1. Pseudo-Supervised Learning in Day2Dark

• Stage One: Pseudo-Supervised Learning
  The study employs multiple self-supervised models (e.g., video-text matching and sound source localization tasks) to generate pseudo-labels for unlabeled low-light videos. These labels are compressed into more abstract representations through an autoencoder to reduce potential overfitting during training.

• Stage Two: Day2Dark Mix Fine-Tuning
  The proposed Day2Dark-Mix strategy combines labeled daylight videos with unlabeled low-light videos to generate new video samples. This enables the model to better adapt to low-light distributions while maintaining recognition performance under daylight conditions.

2. Adaptive Audio-Visual Fusion Model

• Visual and Audio Feature Extraction
  Visual features are extracted using a pre-trained visual encoder, while audio features are extracted using a single-modality encoder.

• Illumination-Adaptive Module
  A “Darkness Probe” evaluates the clarity of visual features in the video and assigns weights to different branches for adaptive adjustments. These weights are used in both the visual feature projection layer and the prompt generation stage for audio-visual fusion.

• Audio-Visual Fusion and Classification
  An audio-visual transformer is used to fuse the adjusted visual features, adaptive prompts, and audio features, resulting in robust activity recognition.

Results

Datasets and Experimental Setup

Experiments were conducted on multiple public datasets, including EPIC-Kitchens, Kinetics-Sound, and Charades.

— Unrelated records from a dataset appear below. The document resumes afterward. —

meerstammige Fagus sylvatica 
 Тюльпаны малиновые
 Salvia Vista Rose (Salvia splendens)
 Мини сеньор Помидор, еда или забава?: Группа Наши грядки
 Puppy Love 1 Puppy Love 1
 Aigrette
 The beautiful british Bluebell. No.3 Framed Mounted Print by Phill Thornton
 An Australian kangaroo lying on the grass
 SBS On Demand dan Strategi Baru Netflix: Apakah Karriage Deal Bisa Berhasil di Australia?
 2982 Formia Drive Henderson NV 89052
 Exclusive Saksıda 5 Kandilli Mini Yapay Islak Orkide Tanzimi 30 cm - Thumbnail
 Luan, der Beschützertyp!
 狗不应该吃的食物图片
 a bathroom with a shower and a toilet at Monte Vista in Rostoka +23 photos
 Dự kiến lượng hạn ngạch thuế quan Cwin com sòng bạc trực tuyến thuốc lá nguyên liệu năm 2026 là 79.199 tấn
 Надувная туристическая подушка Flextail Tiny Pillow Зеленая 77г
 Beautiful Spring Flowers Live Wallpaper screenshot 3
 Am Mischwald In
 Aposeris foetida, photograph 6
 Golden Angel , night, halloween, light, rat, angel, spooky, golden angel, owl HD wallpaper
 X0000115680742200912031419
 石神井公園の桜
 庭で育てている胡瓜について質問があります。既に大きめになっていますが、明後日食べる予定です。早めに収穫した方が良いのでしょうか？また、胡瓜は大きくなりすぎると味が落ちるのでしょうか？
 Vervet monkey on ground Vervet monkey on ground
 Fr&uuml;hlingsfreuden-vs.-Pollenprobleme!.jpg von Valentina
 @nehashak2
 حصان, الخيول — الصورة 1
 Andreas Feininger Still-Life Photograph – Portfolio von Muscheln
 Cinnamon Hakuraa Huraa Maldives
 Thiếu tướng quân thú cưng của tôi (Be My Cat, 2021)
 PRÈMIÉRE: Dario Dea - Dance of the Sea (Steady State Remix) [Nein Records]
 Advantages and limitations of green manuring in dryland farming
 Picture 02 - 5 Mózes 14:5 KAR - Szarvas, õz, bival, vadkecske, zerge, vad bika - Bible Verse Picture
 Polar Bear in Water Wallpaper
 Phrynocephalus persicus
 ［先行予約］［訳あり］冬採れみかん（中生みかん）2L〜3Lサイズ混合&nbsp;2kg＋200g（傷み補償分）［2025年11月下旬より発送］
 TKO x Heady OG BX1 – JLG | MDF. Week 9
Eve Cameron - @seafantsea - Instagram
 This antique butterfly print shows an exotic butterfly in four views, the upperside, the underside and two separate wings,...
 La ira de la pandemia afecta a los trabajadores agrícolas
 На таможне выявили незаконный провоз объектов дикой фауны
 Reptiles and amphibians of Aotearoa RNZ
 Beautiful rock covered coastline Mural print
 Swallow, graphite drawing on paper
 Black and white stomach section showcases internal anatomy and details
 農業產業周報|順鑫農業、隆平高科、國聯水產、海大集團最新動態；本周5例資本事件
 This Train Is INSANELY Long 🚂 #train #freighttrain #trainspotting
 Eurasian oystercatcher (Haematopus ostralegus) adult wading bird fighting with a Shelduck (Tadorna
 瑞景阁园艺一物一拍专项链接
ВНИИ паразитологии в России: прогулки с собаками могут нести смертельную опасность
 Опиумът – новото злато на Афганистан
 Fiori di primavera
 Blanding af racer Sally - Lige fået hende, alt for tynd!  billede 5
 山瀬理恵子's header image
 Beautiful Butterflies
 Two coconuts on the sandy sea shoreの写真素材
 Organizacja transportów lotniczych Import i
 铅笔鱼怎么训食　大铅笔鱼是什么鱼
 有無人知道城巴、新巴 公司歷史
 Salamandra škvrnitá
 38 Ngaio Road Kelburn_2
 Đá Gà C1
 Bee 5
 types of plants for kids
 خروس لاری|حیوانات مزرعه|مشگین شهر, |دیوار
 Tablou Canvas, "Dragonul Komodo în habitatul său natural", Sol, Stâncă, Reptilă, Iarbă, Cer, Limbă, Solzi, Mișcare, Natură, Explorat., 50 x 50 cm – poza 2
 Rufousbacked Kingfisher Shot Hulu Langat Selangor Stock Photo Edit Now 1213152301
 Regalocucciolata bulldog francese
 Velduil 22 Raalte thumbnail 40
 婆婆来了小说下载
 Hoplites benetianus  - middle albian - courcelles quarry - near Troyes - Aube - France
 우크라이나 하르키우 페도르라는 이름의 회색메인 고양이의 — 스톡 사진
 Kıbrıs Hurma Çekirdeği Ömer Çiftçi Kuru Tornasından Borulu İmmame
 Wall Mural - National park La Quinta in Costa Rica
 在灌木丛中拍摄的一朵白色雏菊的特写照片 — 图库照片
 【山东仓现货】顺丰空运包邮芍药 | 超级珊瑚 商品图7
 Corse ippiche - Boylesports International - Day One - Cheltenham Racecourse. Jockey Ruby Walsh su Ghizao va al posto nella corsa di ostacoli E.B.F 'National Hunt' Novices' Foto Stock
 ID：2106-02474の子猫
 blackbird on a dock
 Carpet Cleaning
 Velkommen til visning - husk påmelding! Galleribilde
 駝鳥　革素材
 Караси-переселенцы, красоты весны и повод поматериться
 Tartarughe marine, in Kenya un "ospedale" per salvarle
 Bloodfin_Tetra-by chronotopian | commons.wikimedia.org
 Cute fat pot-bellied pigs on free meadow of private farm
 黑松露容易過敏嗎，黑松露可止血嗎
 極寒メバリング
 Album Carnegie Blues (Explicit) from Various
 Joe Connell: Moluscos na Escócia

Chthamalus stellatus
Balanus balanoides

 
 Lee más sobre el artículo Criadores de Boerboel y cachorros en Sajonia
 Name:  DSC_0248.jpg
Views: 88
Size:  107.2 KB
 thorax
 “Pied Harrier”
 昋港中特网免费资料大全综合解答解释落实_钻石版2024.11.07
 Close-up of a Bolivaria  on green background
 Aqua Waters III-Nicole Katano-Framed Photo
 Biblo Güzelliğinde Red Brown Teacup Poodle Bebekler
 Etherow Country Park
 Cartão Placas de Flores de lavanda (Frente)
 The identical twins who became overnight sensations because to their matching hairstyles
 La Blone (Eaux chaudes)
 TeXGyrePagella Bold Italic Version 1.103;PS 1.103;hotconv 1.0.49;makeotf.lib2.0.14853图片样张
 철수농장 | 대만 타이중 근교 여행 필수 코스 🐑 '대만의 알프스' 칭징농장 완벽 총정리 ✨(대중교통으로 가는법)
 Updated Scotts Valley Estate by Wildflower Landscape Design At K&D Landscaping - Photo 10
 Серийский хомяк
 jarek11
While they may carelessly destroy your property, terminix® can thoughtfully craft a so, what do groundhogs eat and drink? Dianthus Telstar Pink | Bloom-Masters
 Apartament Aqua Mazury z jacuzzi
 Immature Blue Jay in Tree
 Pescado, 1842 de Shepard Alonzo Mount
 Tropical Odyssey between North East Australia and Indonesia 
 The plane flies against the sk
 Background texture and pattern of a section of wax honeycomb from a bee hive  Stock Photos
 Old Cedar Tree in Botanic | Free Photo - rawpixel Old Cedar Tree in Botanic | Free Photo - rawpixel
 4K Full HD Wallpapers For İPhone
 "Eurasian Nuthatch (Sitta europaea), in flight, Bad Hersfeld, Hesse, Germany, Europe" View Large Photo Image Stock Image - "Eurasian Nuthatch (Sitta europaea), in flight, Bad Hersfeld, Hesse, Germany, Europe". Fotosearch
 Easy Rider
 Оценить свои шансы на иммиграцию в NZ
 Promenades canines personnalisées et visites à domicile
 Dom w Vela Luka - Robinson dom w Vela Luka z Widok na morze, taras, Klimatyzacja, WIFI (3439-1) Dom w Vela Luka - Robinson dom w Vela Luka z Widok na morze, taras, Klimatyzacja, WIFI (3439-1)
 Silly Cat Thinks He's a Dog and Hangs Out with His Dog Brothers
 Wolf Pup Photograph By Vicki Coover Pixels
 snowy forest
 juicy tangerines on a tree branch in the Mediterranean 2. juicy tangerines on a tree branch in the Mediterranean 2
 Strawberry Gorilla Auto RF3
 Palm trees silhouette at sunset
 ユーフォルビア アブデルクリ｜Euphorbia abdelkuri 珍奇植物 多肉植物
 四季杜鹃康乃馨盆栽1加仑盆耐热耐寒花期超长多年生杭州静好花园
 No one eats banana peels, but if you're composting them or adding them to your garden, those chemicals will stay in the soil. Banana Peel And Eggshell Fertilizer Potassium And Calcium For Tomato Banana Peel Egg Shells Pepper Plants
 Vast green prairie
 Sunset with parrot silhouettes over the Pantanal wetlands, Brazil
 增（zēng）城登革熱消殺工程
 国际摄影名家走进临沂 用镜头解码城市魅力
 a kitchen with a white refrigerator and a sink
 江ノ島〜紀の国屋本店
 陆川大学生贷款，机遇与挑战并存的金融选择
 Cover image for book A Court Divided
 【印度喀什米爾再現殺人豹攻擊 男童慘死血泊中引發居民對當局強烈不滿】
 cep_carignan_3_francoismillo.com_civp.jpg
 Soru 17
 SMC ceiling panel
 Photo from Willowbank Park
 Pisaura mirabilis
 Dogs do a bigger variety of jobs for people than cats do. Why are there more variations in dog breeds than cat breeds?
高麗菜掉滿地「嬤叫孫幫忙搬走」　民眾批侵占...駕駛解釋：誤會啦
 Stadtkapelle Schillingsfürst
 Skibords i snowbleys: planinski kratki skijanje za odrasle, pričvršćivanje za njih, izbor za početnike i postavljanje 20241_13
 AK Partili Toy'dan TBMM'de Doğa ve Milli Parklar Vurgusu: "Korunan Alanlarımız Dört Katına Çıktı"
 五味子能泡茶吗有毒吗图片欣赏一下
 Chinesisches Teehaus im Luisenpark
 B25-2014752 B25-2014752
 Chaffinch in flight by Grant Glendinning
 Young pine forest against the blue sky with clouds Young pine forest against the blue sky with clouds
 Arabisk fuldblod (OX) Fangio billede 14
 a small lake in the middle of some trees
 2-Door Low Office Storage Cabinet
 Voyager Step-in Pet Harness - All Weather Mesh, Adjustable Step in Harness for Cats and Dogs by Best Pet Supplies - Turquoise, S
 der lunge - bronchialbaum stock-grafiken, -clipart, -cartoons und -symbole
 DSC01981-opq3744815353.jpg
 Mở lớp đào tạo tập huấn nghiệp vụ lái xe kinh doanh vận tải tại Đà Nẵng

These datasets cover various scenarios and lighting conditions in multi-modal videos.

Performance Evaluation

The proposed method significantly outperforms existing techniques in low-light activity recognition: 1. Comparison with Traditional Methods
- On EPIC-Kitchens, the Day2Dark method improved recognition accuracy for low-light videos by approximately 7% compared to baseline models and significantly outperformed image enhancement and traditional audio-visual fusion methods. - On Kinetics-Sound, the method achieved a 5.2% accuracy improvement under low-light conditions.

1. Adaptiveness Validation

   • The illumination-adaptive module dynamically adjusts the model’s branch weights based on varying lighting conditions, enabling effective recognition even in extremely dark environments.

2. Robustness Validation

   • The method improves not only low-light performance but also robustness under conditions like occlusion and daylight scenarios.

Research Significance and Innovations

1. Scientific Value
   This paper introduces pseudo-supervised learning and illumination-adaptive audio-visual fusion strategies for the first time in the field of low-light activity recognition, offering a solution that does not rely on labeled data.
2. Practical Application Potential
   The method can be applied in multiple domains, such as smart surveillance and autonomous driving, especially in scenarios where collecting large-scale labeled data is challenging.
3. Technical Innovations
   
   • Proposed the Day2Dark-Mix strategy, which effectively combines labeled daylight videos and unlabeled low-light videos, enhancing the model’s adaptability.
   • The illumination-adaptive module significantly reduces the impact of visual distribution shifts on model performance.

Future Work

The authors suggest exploring additional task-relevant self-supervised tasks to further optimize pseudo-label generation. Moreover, the illumination-adaptive module could be extended to address distribution shift problems in other video conditions, such as weather changes or motion blur.

Conclusion

Through rigorous research workflow and innovative technical designs, this paper provides a novel solution for low-light activity recognition. By combining pseudo-supervised learning and adaptive audio-visual fusion, the Day2Dark method demonstrates practicality and superiority across multiple datasets, paving the way for new research directions in computer vision tasks under low-light conditions.